711 S.E.2d 694, 289 Ga. 394, 2011 Fulton County D. Rep. 1821, 2011 Ga. LEXIS 501
CourtSupreme Court of Georgia
DecidedJune 20, 2011
DocketS10G1085
StatusPublished
Cited by17 cases

This text of 711 S.E.2d 694 (Yeary v. State) is published on Counsel Stack Legal Research, covering Supreme Court of Georgia primary law. Counsel Stack provides free access to over 12 million legal documents including statutes, case law, regulations, and constitutions.

Bluebook
Yeary v.

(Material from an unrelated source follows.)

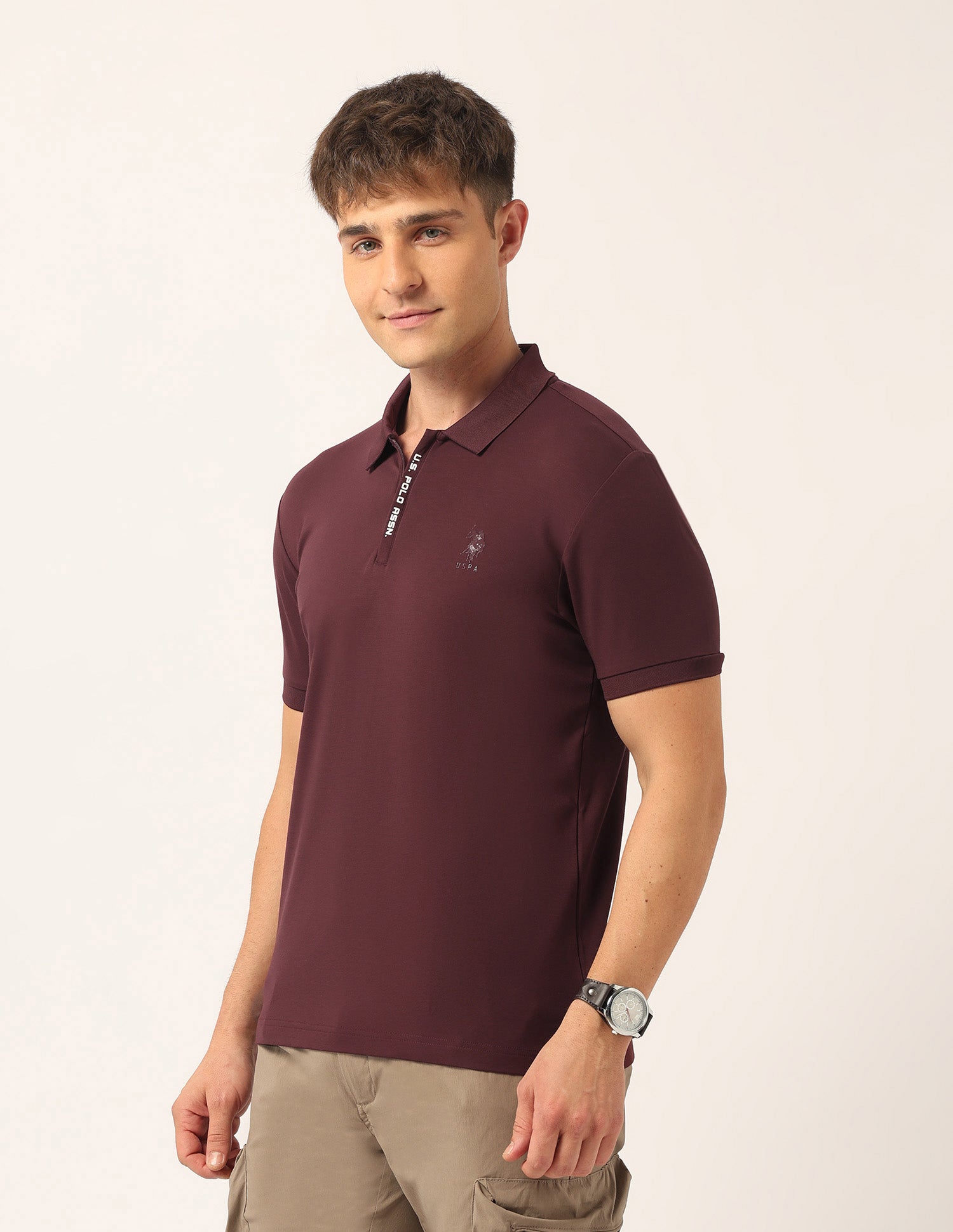 Solid Muscle Fit Polo Shirt Burgundy - U.S. Polo Assn. India | Large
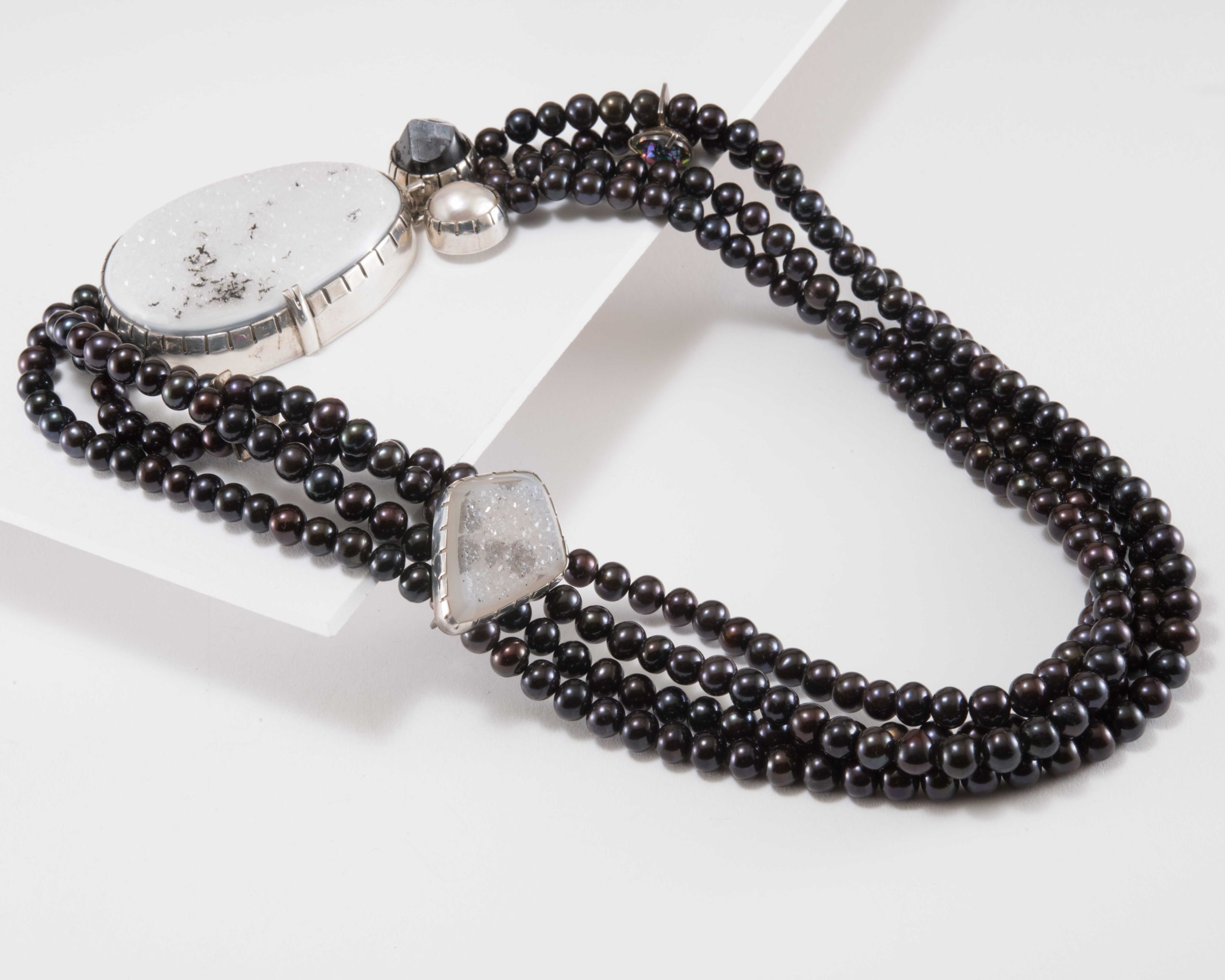 Orlando Dugi Four Strand Black Pearl Necklace with Druzy Quartz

State, 711 S.E.2d 694, 289 Ga. 394, 2011 Fulton County D. Rep. 1821, 2011 Ga. LEXIS 501 (Ga. 2011).

Opinions

BENHAM, Justice.

After the trial court denied her motion to obtain evidence possessed by a Kentucky corporation by means of the Uniform Act to Secure the Attendance of Witnesses from Without the State, OCGA § 24-10-90 et seq. (“Uniform Act”), appellant Lisa Yeary was convicted in a bench trial of driving under the influence per se based on evidence that the Intoxilyzer 5000 recorded her blood alcohol concentration as 0.179 grams, a result over the legal limit of 0.08 grams. See OCGA § 40-6-391 (a) (5). Before the Court of Appeals, Yeary argued that the trial court erred when it denied her pre-trial motion and found that the evidence she had sought from the out-of-state corporation, the source code for the Intoxilyzer 5000, was neither material nor relevant. The Court of Appeals upheld the trial court’s ruling under the “right for any reason rule” and affirmed the judgment of conviction, holding that the Uniform Act could be used to obtain the presence and testimony of an out-of-state witness and evidence in the possession of the witness, but it could not be used to request only the production of evidence located in another state. Yeary v. State, 302 Ga. App. 535, 537 (690 SE2d 901) (2010). Citing French v. State, 288 Ga. App. 775, 776 (655 SE2d 224) (2007), the Court of Appeals concluded that “a request for documents and like things under the Act must be made ancillary to a request for testimony from an out-of-state witness” (Yeary v. State, supra, 302 Ga. App. at 537), and affirmed the trial court’s denial of the motion because “[tjhere is nothing in the record showing that Yeary identified or sought to obtain testimony from a witness who should be compelled to produce the evidence.” Id. We granted Yeary’s petition for a writ of certiorari to the Court of Appeals.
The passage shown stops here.